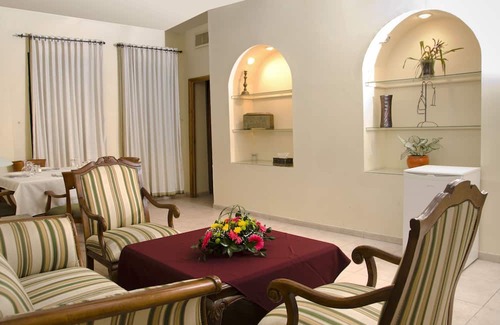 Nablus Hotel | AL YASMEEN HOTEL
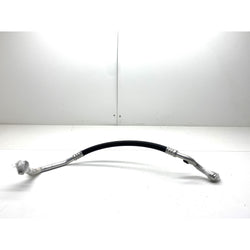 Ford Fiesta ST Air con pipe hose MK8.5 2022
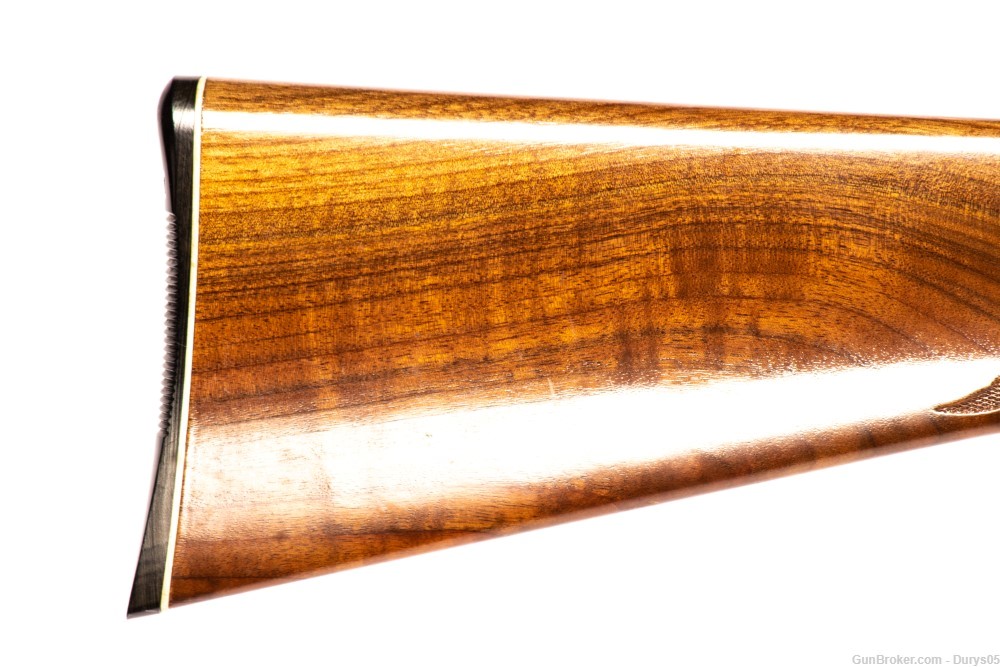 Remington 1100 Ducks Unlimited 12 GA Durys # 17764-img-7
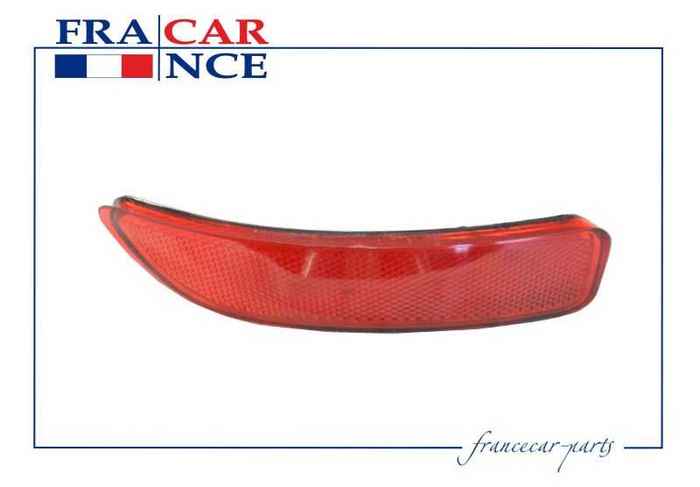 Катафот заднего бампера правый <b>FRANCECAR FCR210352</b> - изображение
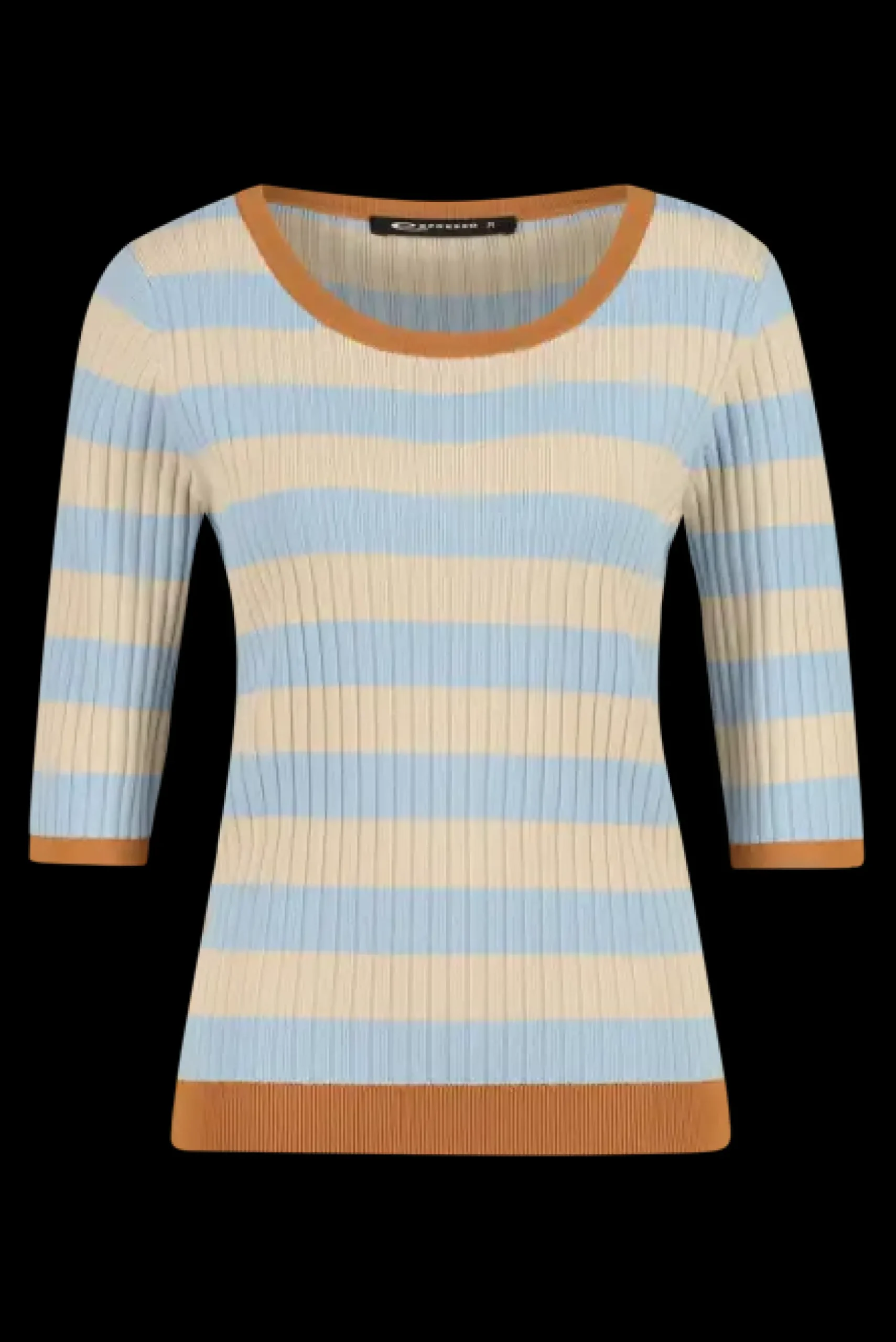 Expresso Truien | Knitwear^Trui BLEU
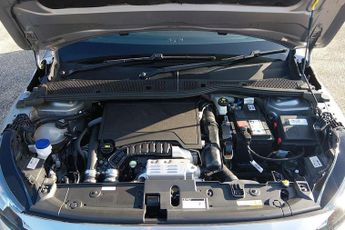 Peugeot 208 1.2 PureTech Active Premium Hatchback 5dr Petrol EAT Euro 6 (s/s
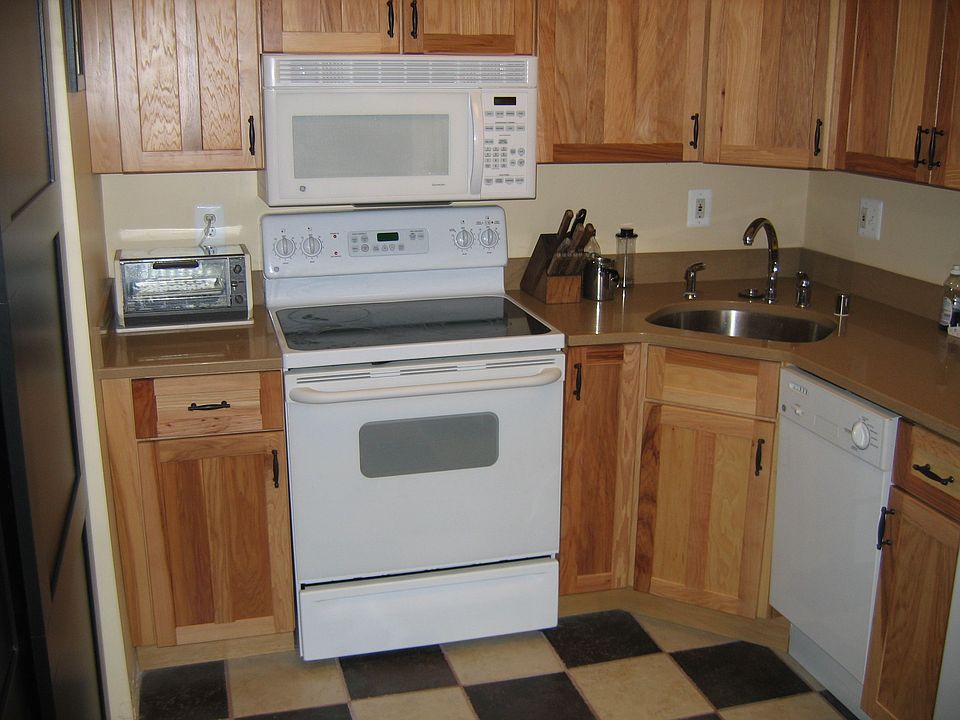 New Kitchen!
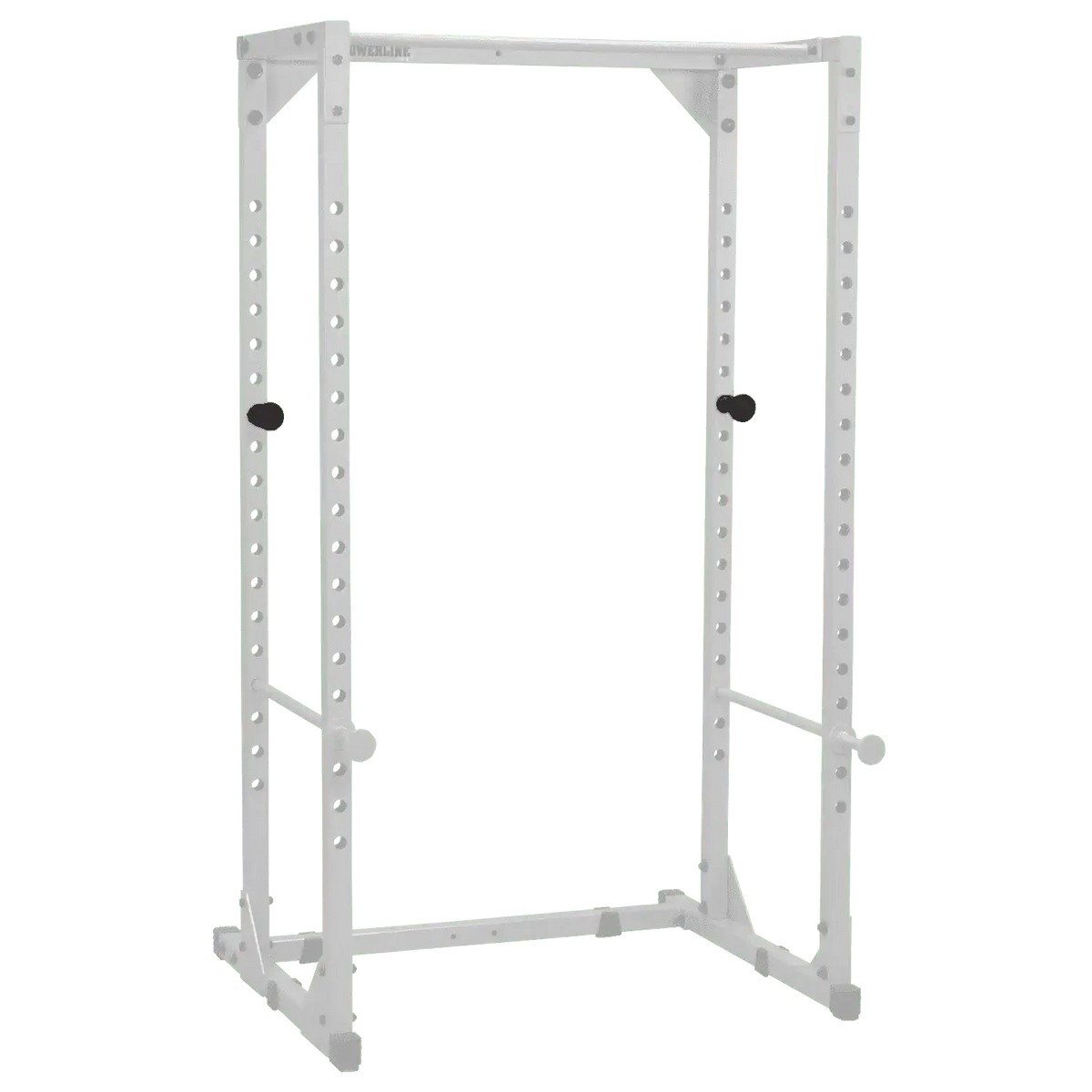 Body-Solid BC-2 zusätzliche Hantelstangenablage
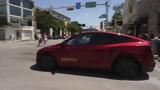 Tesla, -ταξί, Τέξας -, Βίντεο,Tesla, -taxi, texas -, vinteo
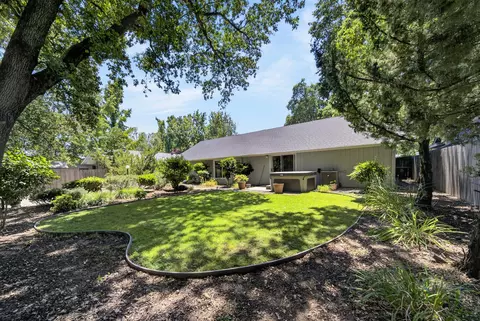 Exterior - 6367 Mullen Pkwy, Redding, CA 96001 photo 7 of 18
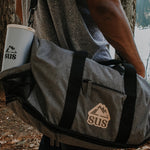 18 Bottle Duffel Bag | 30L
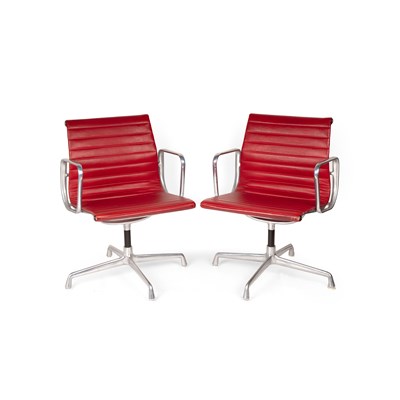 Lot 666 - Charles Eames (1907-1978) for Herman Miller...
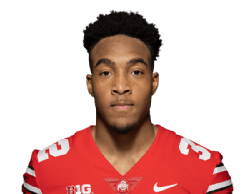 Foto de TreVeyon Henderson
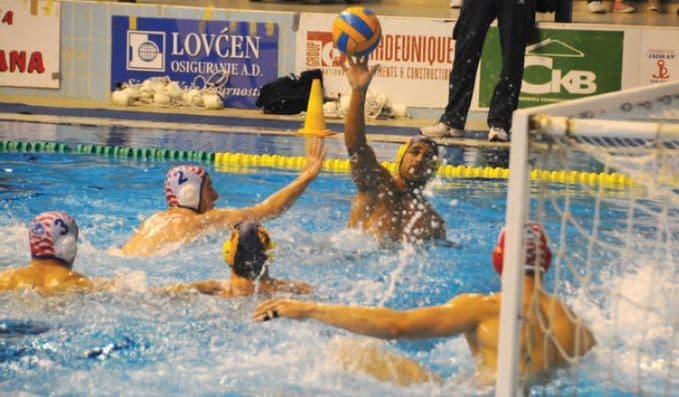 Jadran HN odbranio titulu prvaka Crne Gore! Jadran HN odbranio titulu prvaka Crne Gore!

------------

### Brief
For this exercise, print all of the entries exactly as they appear, but without pictures.

### Completed exercise
 Nablus Hotel | AL YASMEEN HOTEL
 Ford Fiesta ST Air con pipe hose MK8.5 2022
 Remington 1100 Ducks Unlimited 12 GA Durys # 17764-img-7
 Катафот заднего бампера правый <b>FRANCECAR FCR210352</b> - изображение
 Expresso Truien | Knitwear^Trui BLEU
 Peugeot 208 1.2 PureTech Active Premium Hatchback 5dr Petrol EAT Euro 6 (s/s
 New Kitchen!
 Body-Solid BC-2 zusätzliche Hantelstangenablage
 Tesla, -ταξί, Τέξας -, Βίντεο,Tesla, -taxi, texas -, vinteo
 Exterior - 6367 Mullen Pkwy, Redding, CA 96001 photo 7 of 18
 18 Bottle Duffel Bag | 30L
 Lot 666 - Charles Eames (1907-1978) for Herman Miller...
 Foto de TreVeyon Henderson
 Jadran HN odbranio titulu prvaka Crne Gore! Jadran HN odbranio titulu prvaka Crne Gore!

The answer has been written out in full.